• Provided entries

# # # # # # #

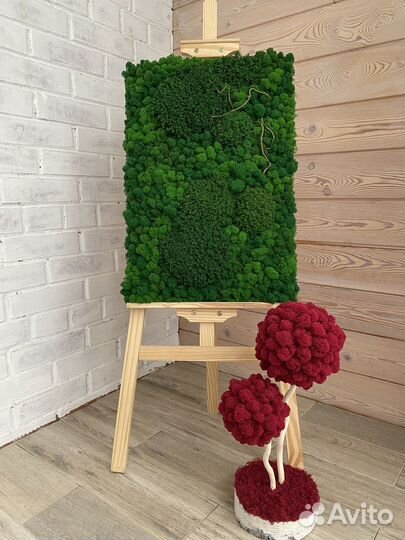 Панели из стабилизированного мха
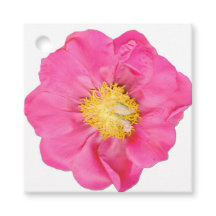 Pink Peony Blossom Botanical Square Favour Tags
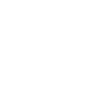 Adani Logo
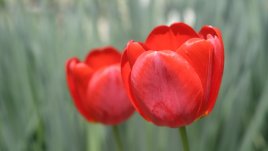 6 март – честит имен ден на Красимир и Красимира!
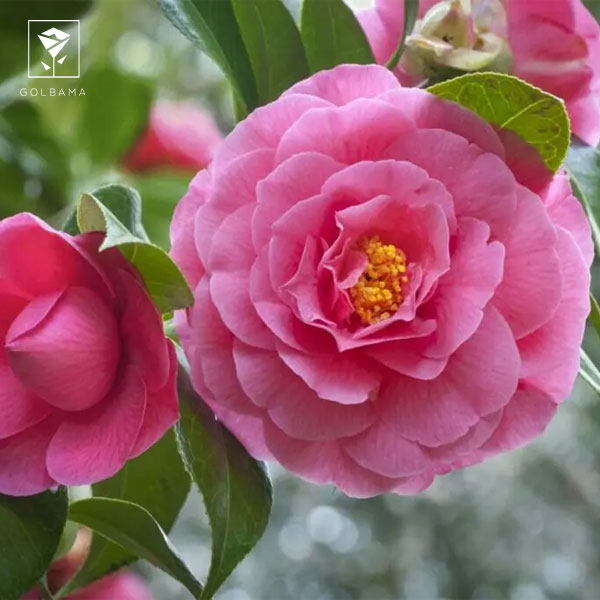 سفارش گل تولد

# # # # # # #

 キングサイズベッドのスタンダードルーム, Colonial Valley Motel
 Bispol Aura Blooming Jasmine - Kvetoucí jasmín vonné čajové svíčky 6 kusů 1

# # # # # # #

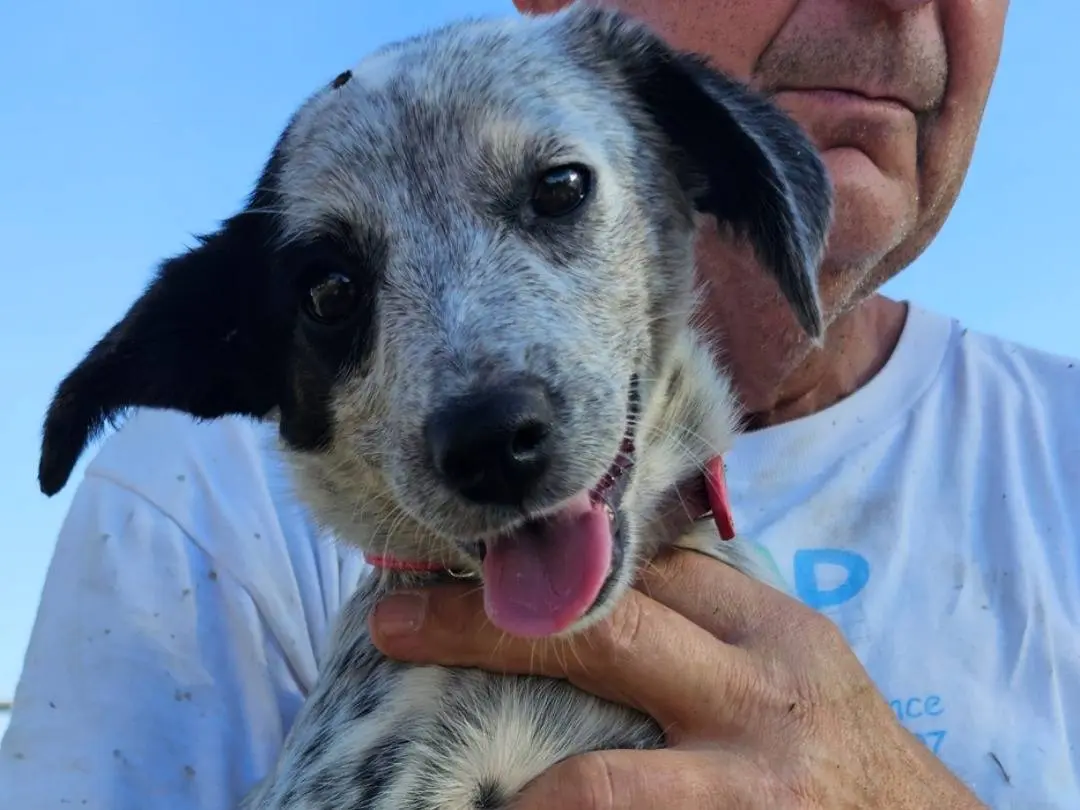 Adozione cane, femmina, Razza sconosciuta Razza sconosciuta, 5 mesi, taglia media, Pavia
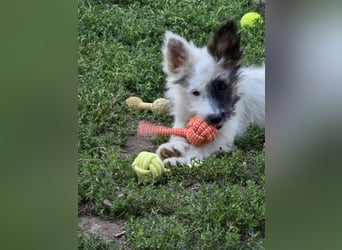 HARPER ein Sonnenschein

# # # # # # #

• Exercise
Write out exactly the lines above between the one with "Adozione cane, femmina, Razza" and the one with "HARPER ein Sonnenschein", inclusive, with pictures left out.

• Task output
 Adozione cane, femmina, Razza sconosciuta Razza sconosciuta, 5 mesi, taglia media, Pavia
 HARPER ein Sonnenschein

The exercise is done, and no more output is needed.